◆ What is needed:
From the line containing "A brown full" to the line containing "Mother and father" in the entries below, reproduce every line exactly, ends included. Nothing else belongs in the copy, and no pictures.

*-*-*

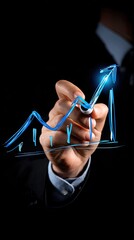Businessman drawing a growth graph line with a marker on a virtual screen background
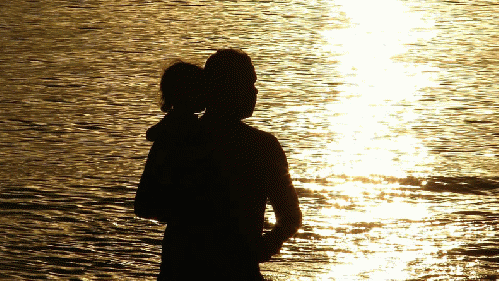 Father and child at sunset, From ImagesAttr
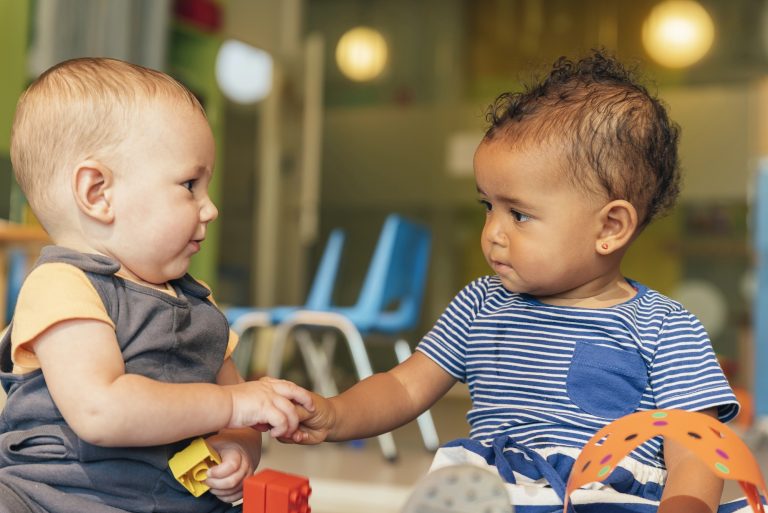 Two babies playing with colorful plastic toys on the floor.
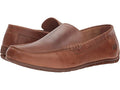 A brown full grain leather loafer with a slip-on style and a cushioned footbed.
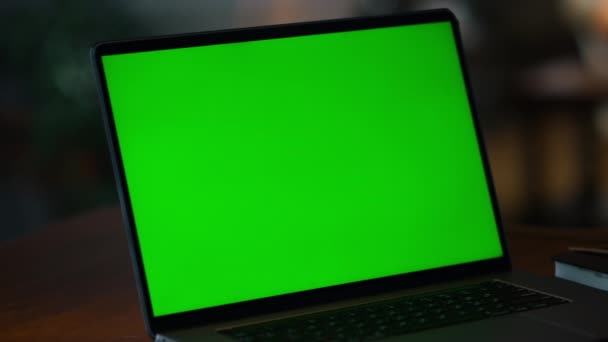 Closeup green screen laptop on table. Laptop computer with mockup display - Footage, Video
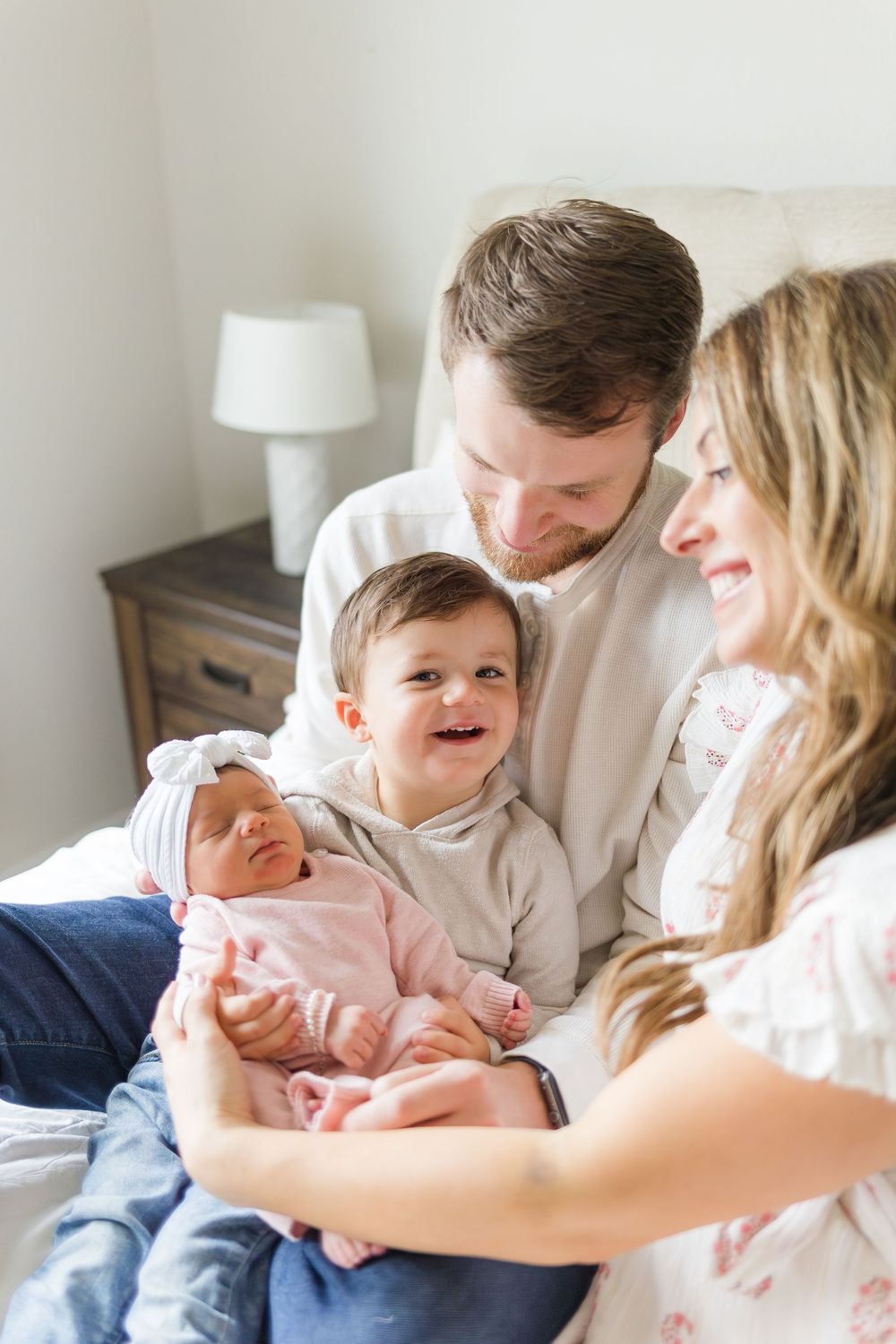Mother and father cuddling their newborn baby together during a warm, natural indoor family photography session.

*-*-*

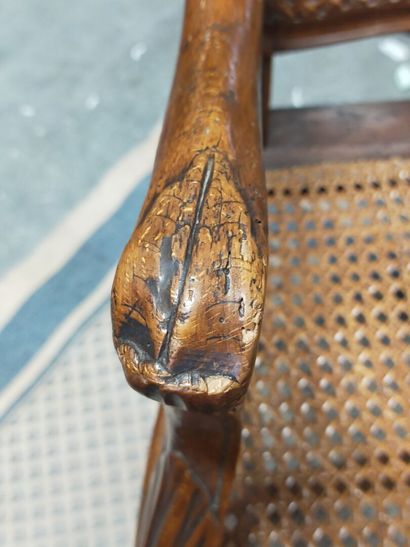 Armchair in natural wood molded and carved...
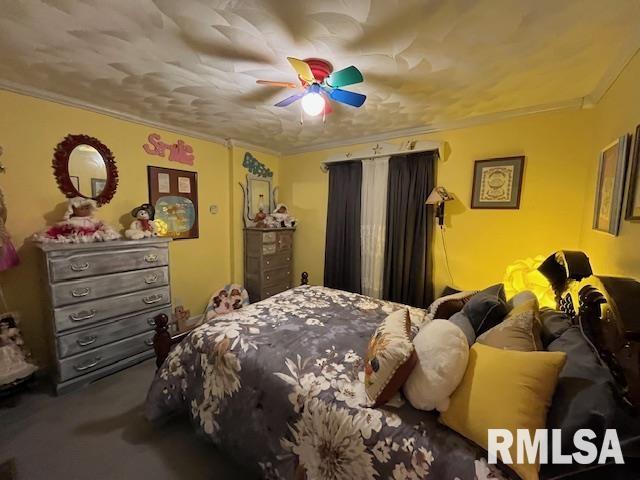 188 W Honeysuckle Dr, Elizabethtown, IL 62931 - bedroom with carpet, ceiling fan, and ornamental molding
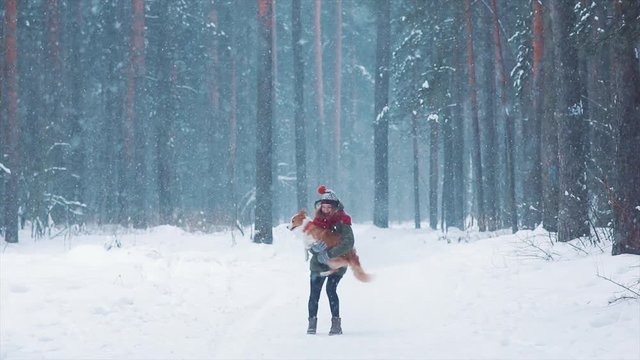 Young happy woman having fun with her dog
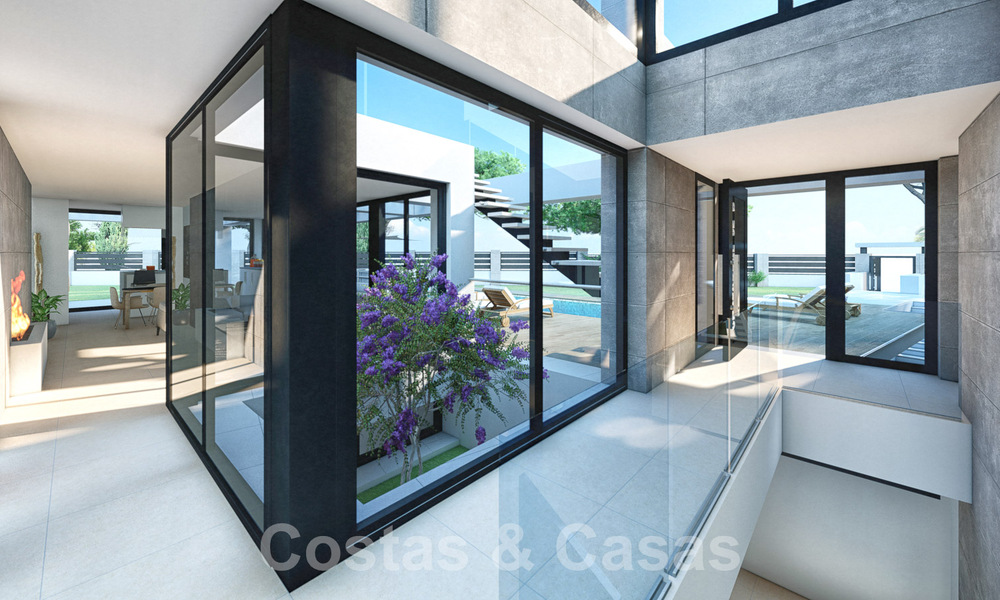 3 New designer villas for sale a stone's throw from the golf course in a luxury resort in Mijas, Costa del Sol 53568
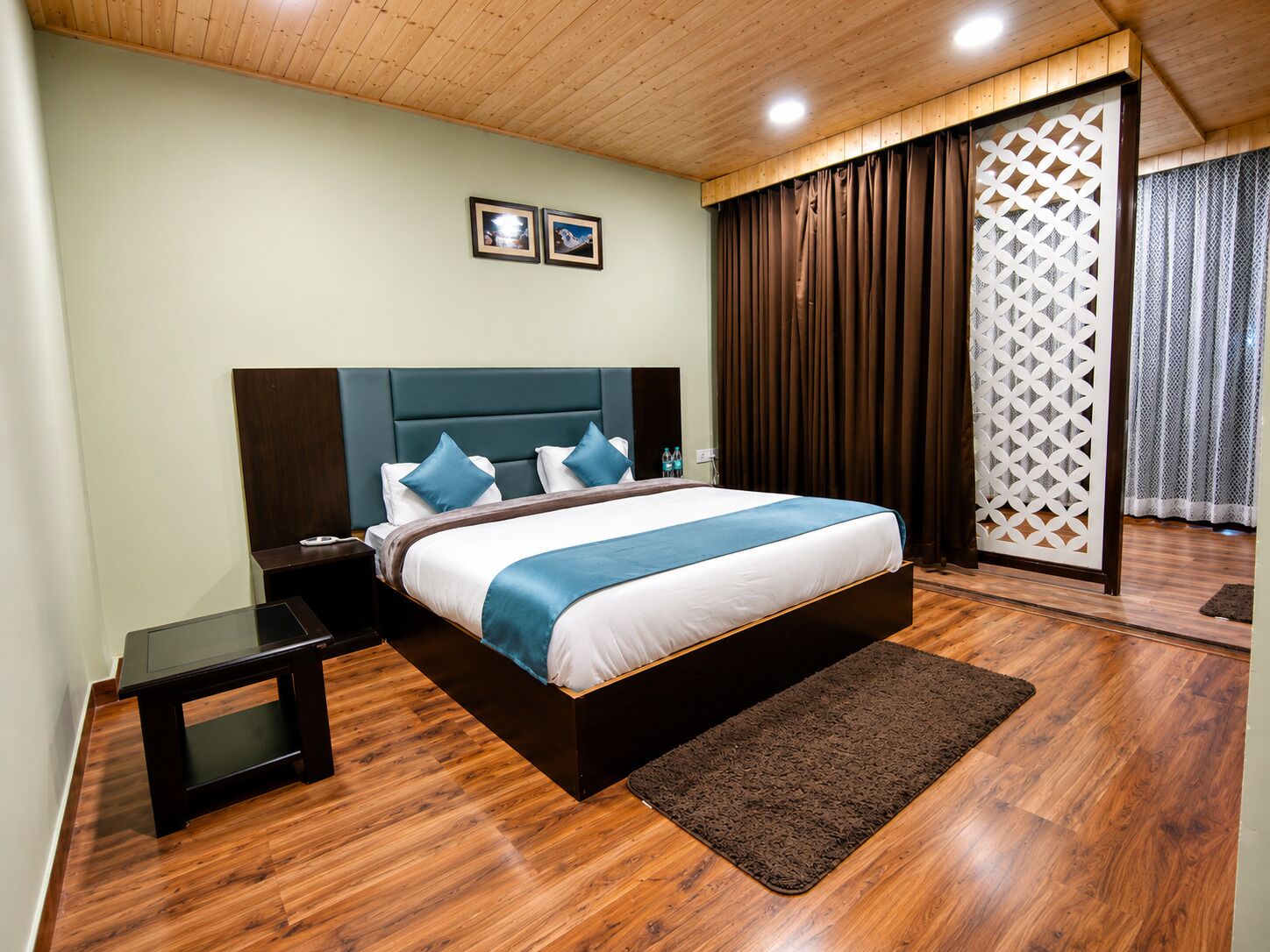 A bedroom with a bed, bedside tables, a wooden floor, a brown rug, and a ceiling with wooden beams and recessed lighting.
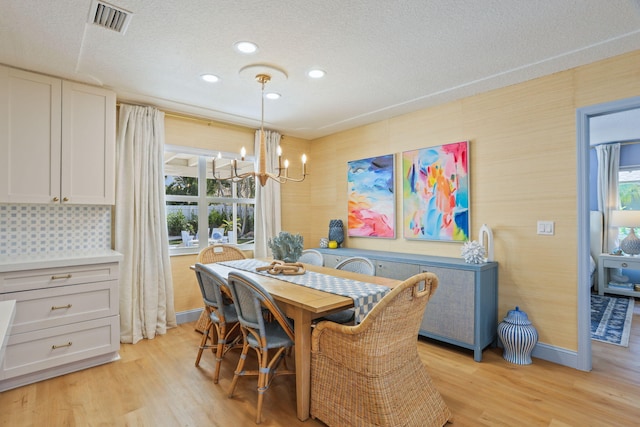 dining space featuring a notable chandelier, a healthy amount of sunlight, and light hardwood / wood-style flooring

*-*-*

◆ Answer for this exercise:
 A brown full grain leather loafer with a slip-on style and a cushioned footbed.
 Closeup green screen laptop on table. Laptop computer with mockup display - Footage, Video
Mother and father cuddling their newborn baby together during a warm, natural indoor family photography session.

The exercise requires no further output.